Producing conceptual frameworks is one way in which the standard setter can help users focus on the overriding objectives of the standards. They add colour which can assist consistent interpretation of the more detailed provisions in individual standards. The proposed IFRS Conceptual Framework includes useful guidance on the accounting objectives underlying the individual IFRSs and helps the reader understand why valuations can provide useful information in financial reporting. By nature valuers are often specialists in a particular type of asset or liability and may also be very knowledgeable about the accounting requirements for that asset. However, the Conceptual Framework looks at the bigger picture and places the valuation task into an overall context.
Some examples of discussions that should be of relevance to valuers include:
The discussion on determining the “unit of account” in 4.53 – 4.67 of the draft is a useful extension of the discussion on “aggregation” in paras 23 -24 of the IVS Framework, and could be helpful as the basis of a discussion between valuer and client about the scope of any valuation intended for financial reporting.
It is recognised that some measurements have to be estimated and that some estimates may be subject to uncertainty. However, 5.20 of the draft makes it clear this does not necessarily undermine their usefulness providing suitable disclosures are made. This is of course a common requirement in valuation standards.
Chapter 6 on measurement provides an interesting overview of the pros and cons of historical cost and current value, and where a choice is permitted in the relevant IFRS, matters that could indicate which is the most appropriate. While valuers sometimes have a natural bias towards thinking valuation is always the more relevant measure, this discussion shows this is not always the case. It also makes the point that historic cost is itself just as open to subjectivity as current value because of the judgement necessary when making depreciation or impairment adjustments.

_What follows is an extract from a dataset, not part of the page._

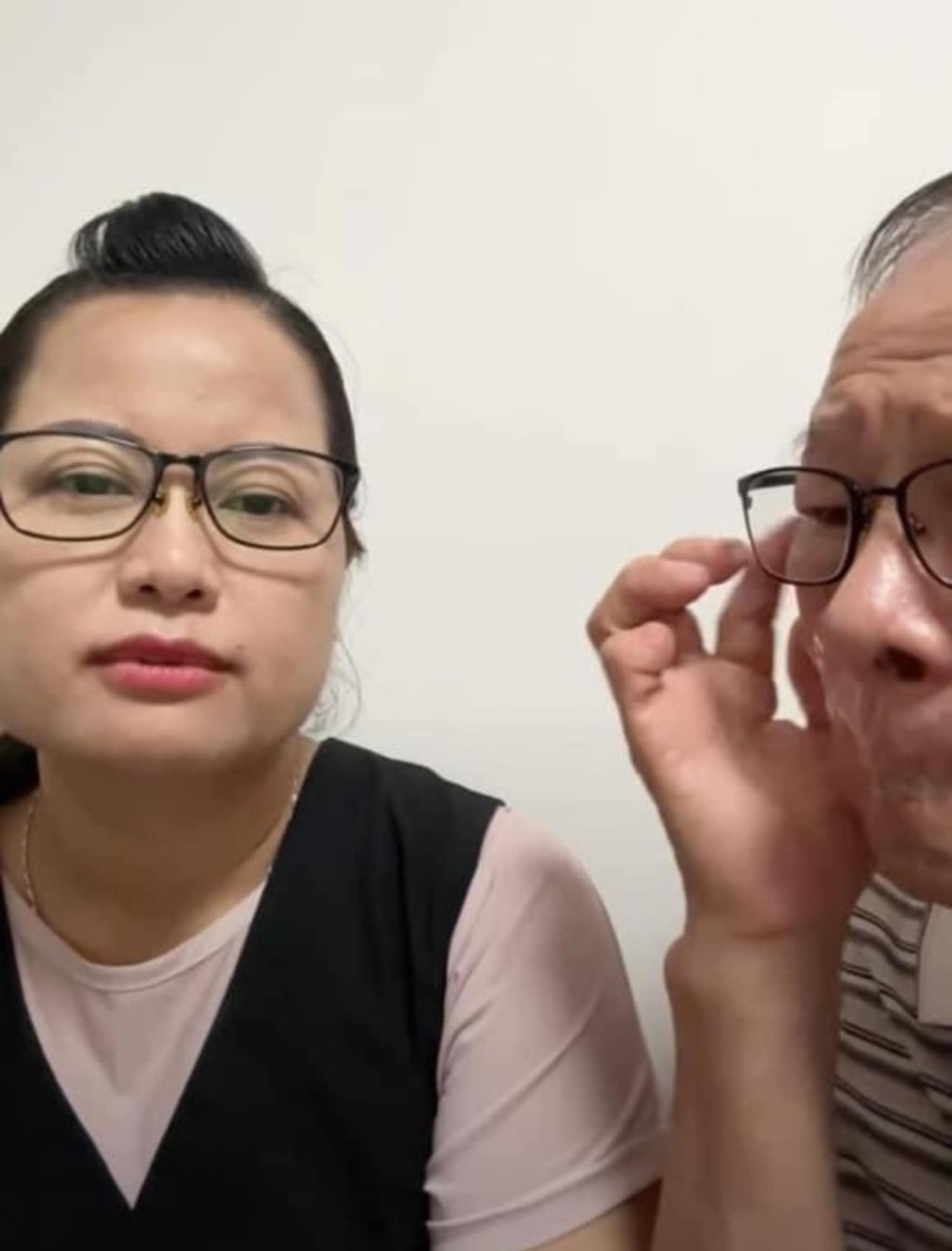 何伯傷心欲絕聲稱：「你再話同我離婚，今日要見血至得，我自願嘅。」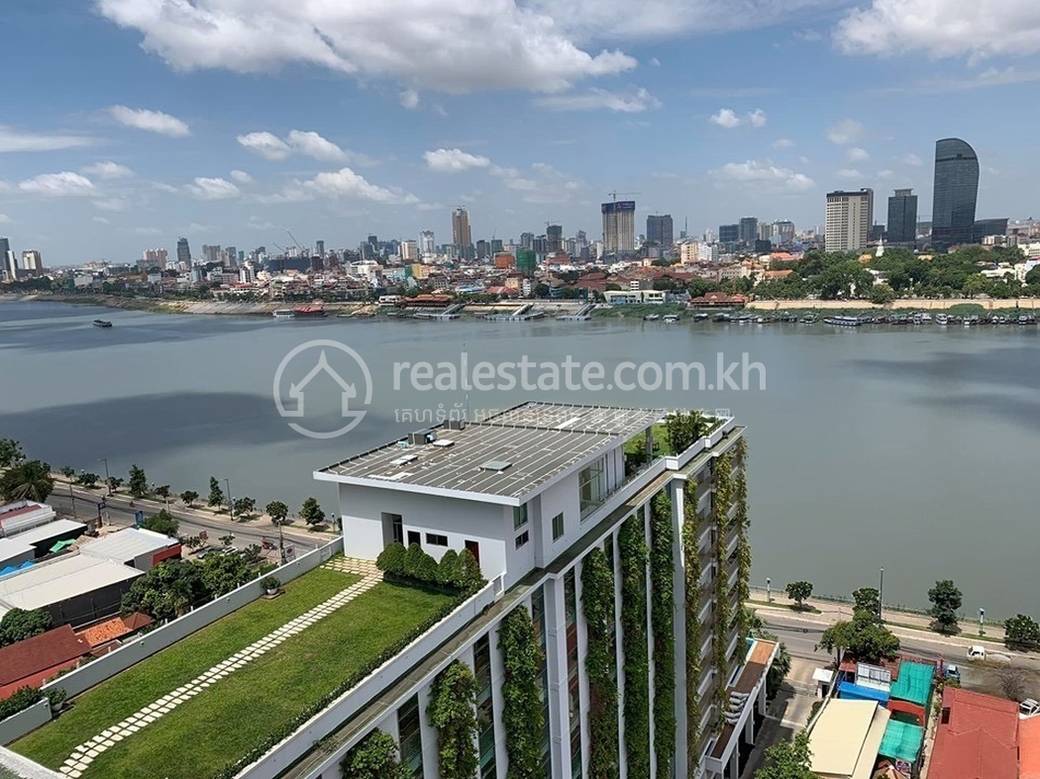 Bellevue Serviced Apartments | 72-96 sqm Living Size Condo K pronájmu in Chroy Changvar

In my experience the focus of debate about valuation is all too often on the “how” rather than “why”. This is sometimes an inevitable consequence of specialists focussing on their specialism but the usefulness of any professional advice, including valuation, is enhanced if is provided with appreciation of the context in which it is to be used.
The IASB is inviting comments on the Exposure Draft before 26 October. Valuers active in the financial reporting arena would do well to study the draft and let the IASB know whether they find the proposed Conceptual Framework helpful, or if there is anything else that could be addressed in order to further clarify the role and purpose of valuation measurements.